Every firm supervised by the retail firms division or the major retail group will have a risk assessment - some will already have had one as part of the authorisation process.

Watson says the risk assessment process will continue through 2005. "It won't all happen on 14 January, it will be planned and phased to cope with our own workloads."

He also stresses that risk assessments will not be the only form of contact that the larger brokers will have with the FSA's supervisors.

"If issues arise on a day-to-day basis we'll be speaking to them," says Watson. "So there would be contact with these firms and, clearly, if there are problems which arise, either through analysing the information that we are sent or through other means, then we will go and see the firm on that particular issue."

He adds: "A lot of contact has already taken place prior to authorisation, so the larger firms have been in contact at some time with their relevant supervisors to discuss the likely issues."

Larger firms may also be the subject of an Arrow visit. These differ from the risk assessment visit in that they are more "focused", examining a particular theme, such as client money handling.

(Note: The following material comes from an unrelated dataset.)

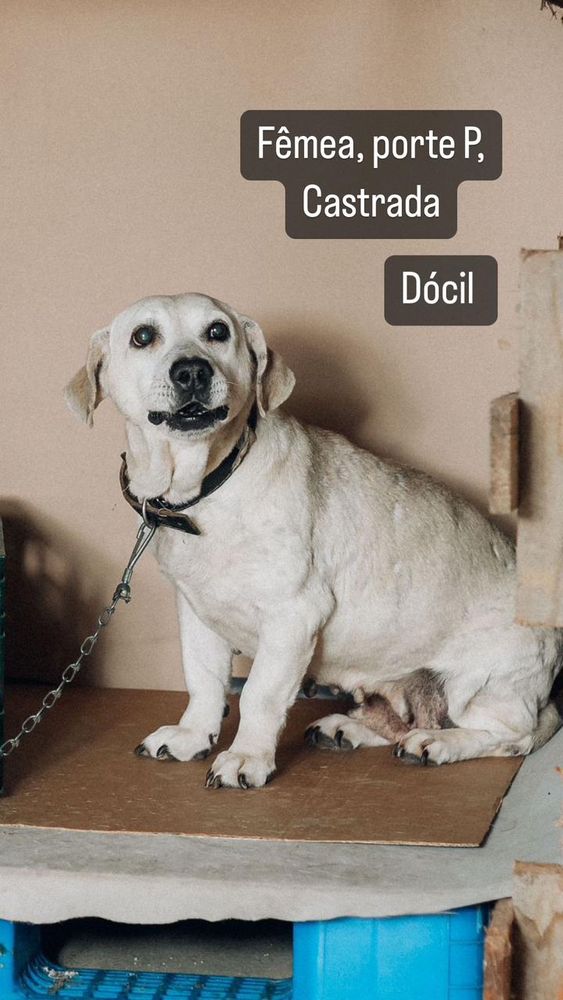 Cão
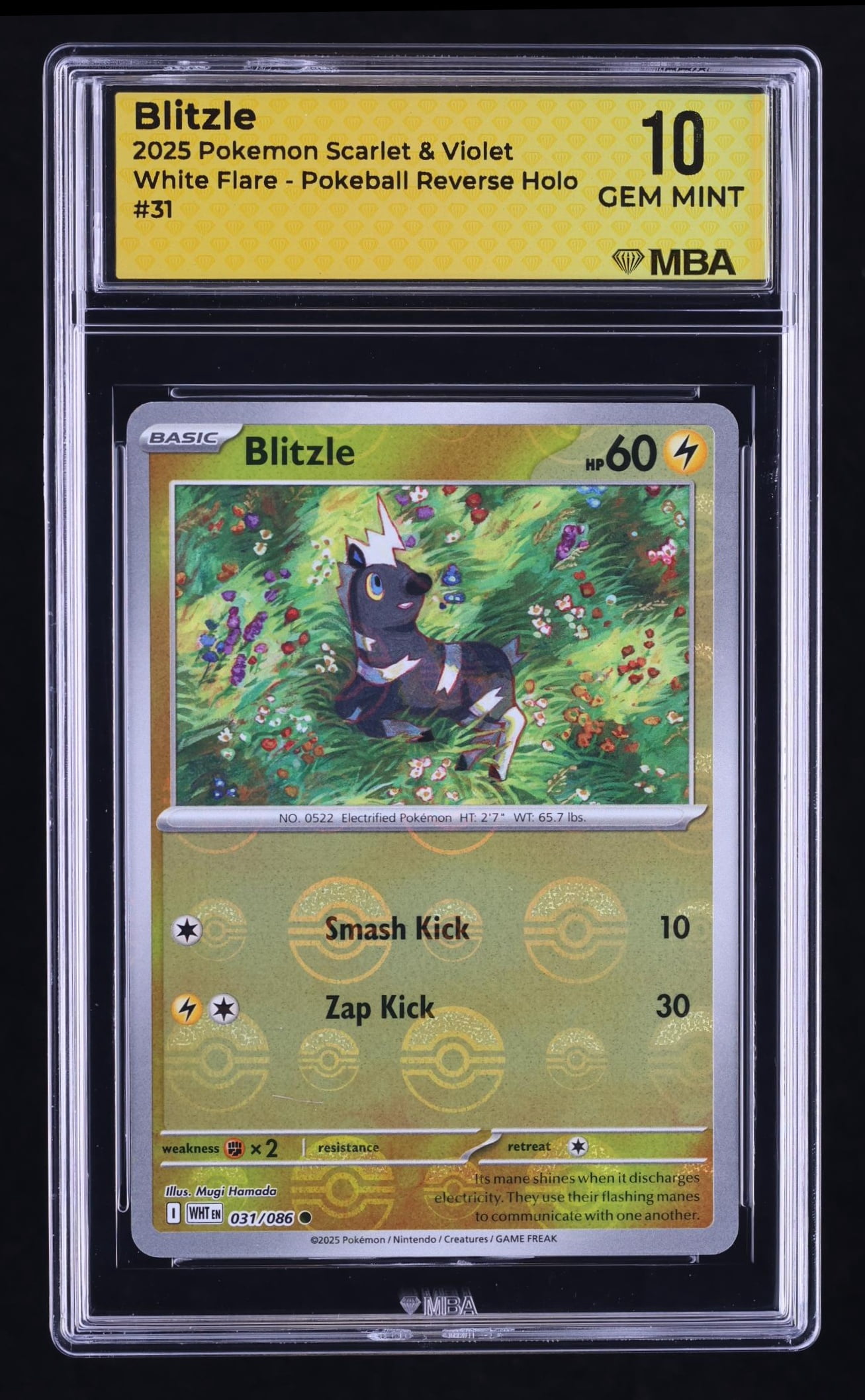 blitzle pokemon card price Pokemon Blitzle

"Firms will always know well in advance and what information we need," says Watson.

As for the smaller firms, these present particular challenges to the FSA in terms of supervision given the diversity of the market - it includes brokers and secondary intermediaries such as vets and dentists.

"The numbers we're talking about here are extremely large, so the key to our strategy is to get data to inform the work we do, both at an individual firm level, but also to identify themes and cross-firm issues for us to tackle," says Watson.

The data will come from a number of sources, including insurers, market intelligence (such as whistle-blowing and mystery shopping exercises) and from the intermediaries themselves.

Watson says that the FSA will be creating electronic risk profiles of the smaller firms.

"Rather than actually going into every single firm, we will be able to understand from the data those firms that are selling the higher risk products or those that are disclosing they've got particular issues with their controls or capital, for example.

These profiles can then be used to determine which firms to visit, or more likely use for thematic work, he says. "We can identify a particular theme, sample some firms, draw some more generic lessons and then promulgate them out to the market."

He emphasises that the small firms will not be receiving routine visits from the FSA. "It doesn't mean that firms won't be seen, but that is not the general approach; they will not be seen by rote every two or three years. They will be seen because they're either high risk from the information we've received or they're helping us on some of the thematic work that we've decided to tackle."

Geographic visits will also form part of the FSA's supervision strategy.

Similar to thematic reviews, these visits will target a particular location to look at either a particular issue or undertake a more generic examination to see what the issues are.

"We've started doing these with IFAs. After the visits we'll hold a roadshow and will invite all firms in the area to attend. This will allow us to give feedback on the things we've seen and the issues coming out. It will allow the firms to think: "Do I have that similar sort of issue in my firm? Do I need to address it?" It's about education and communication."

He adds: "We don't want to be seen as a London-based regulator; we need to get a regional spread."

One of the first areas that the FSA will be investigating is the perimeter, looking at firms that are selling general insurance products but which are not authorised.

"If firms are within the supervision or regulatory parameter and they find the person next door isn't and is doing exactly the same business but should be regulated, then they're very keen to have that rectified," says Watson.

A second key issue for the FSA is to examine the authorisation data.

This will also be done at an early stage. "This will allow us to see the key themes arising from the authorisation process. It may well highlight some firms that are in the high risk spectrum of authorisation, but got through on the process. It may also show up some residual issues and concerns, which we will follow up."

Watson is keen not to commit to other areas that could be early targets for the FSA's supervisors, for example, will commission transparency and other Spitzer-related issues be prime targets for early thematic or investigative work?

"There's always talk about doing lots and lots of things. It's another thing on the table that we can decide to do but we haven't yet decided.

The regime doesn't come in until mid-January and there'll probably be quite a lot of water under the bridge between now and 14 January. You'll probably find there'll be another two themes that the press think we should be looking at."

What about client money given the controversy over risk transfer and co-mingling?

"It's a candidate. But there are other areas: complaints handling, adequacy of capital, and professional indemnity insurance. There're so many things we could look at and we have choices," says Watson.

Watson says that once the priorities are decided they will be communicated to the industry. "We want to be a transparent regulator and so in due course we will publish, either through things like the annual business plans or speeches."

Surprise visits are unlikely to form part of the FSA's armoury of supervision tools, unless there is "massive consumer detriment".

What lessons has the FSA learned from the supervision of other sectors, such as IFAs? Watson says: "It has shown us that we have to be proactive and set our own agenda in terms of thinking about the issues, identifying the issues and dealing with them.

"We can't just react to what I would call crystallised risk, problems coming through our door, either through firms phoning us up or being told about something. If we were going to do that, we couldn't deal with the sheer volume of every single lead. This is why we take a more thematic approach to regulation."